___ Data

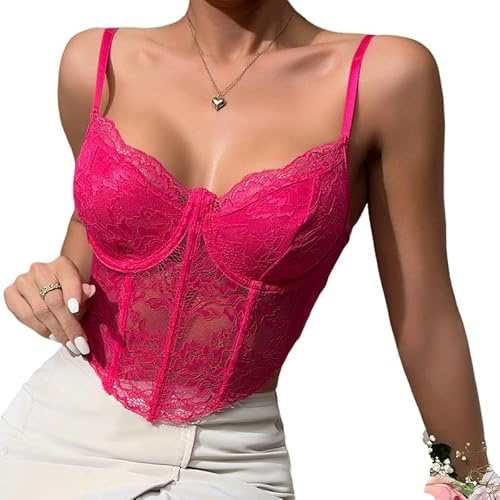 Haibang Dam crop top spets sexig spaghetti magfria toppar v-ringad bralette spetsar korsett smal passform camisole spets sommar cami linne topp, ROSA, XS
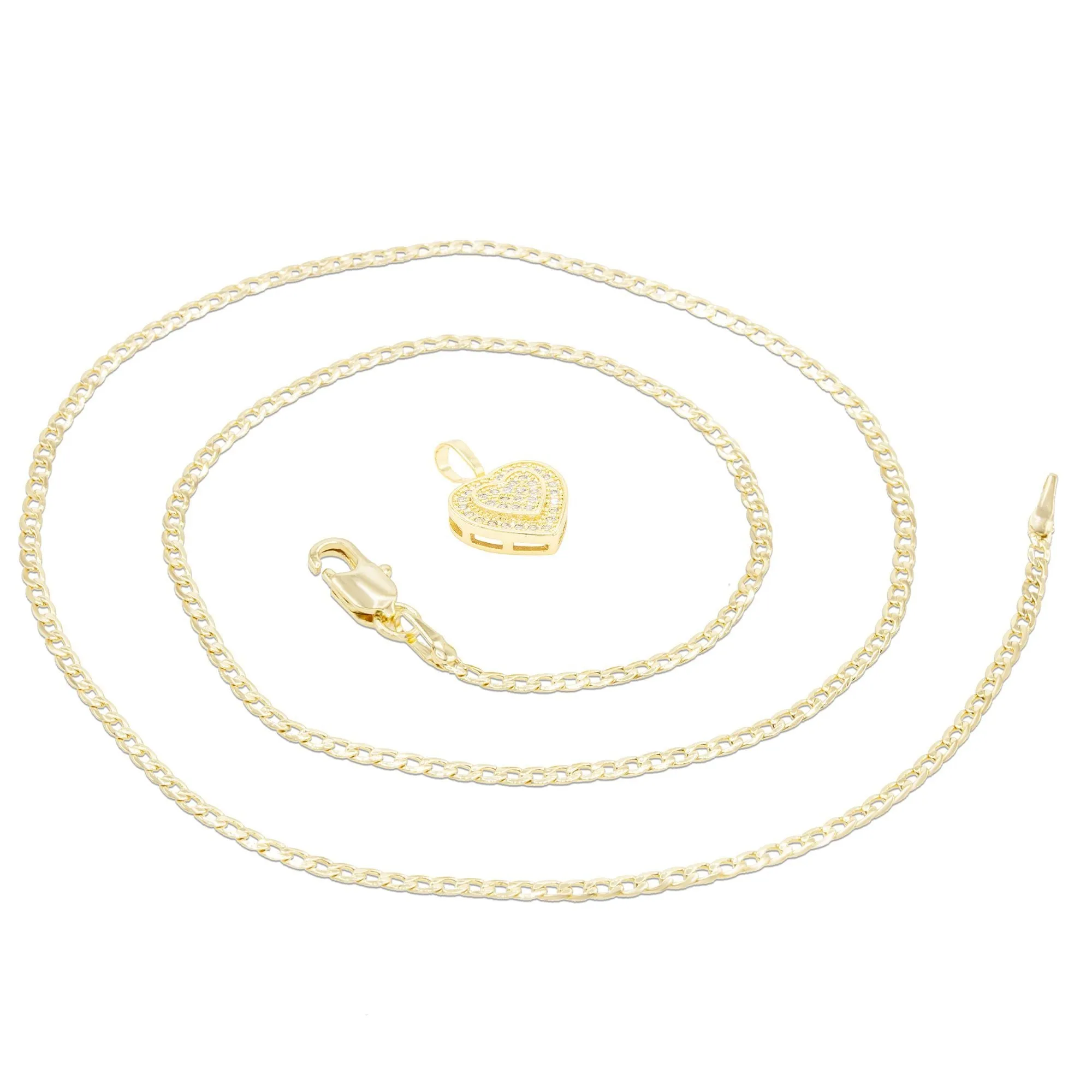 Cubic Zirconia 14K Gold Filled Two-Ply Heart Pendant Necklace Set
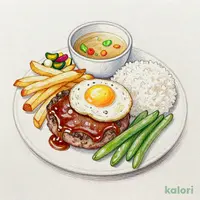 ランチハンバーグ定食（デミ）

______

• Problem to solve: Every line above should be retyped exactly; the pictures do not belong in the copy.

• Task result:
 Haibang Dam crop top spets sexig spaghetti magfria toppar v-ringad bralette spetsar korsett smal passform camisole spets sommar cami linne topp, ROSA, XS
 Cubic Zirconia 14K Gold Filled Two-Ply Heart Pendant Necklace Set
 ランチハンバーグ定食（デミ）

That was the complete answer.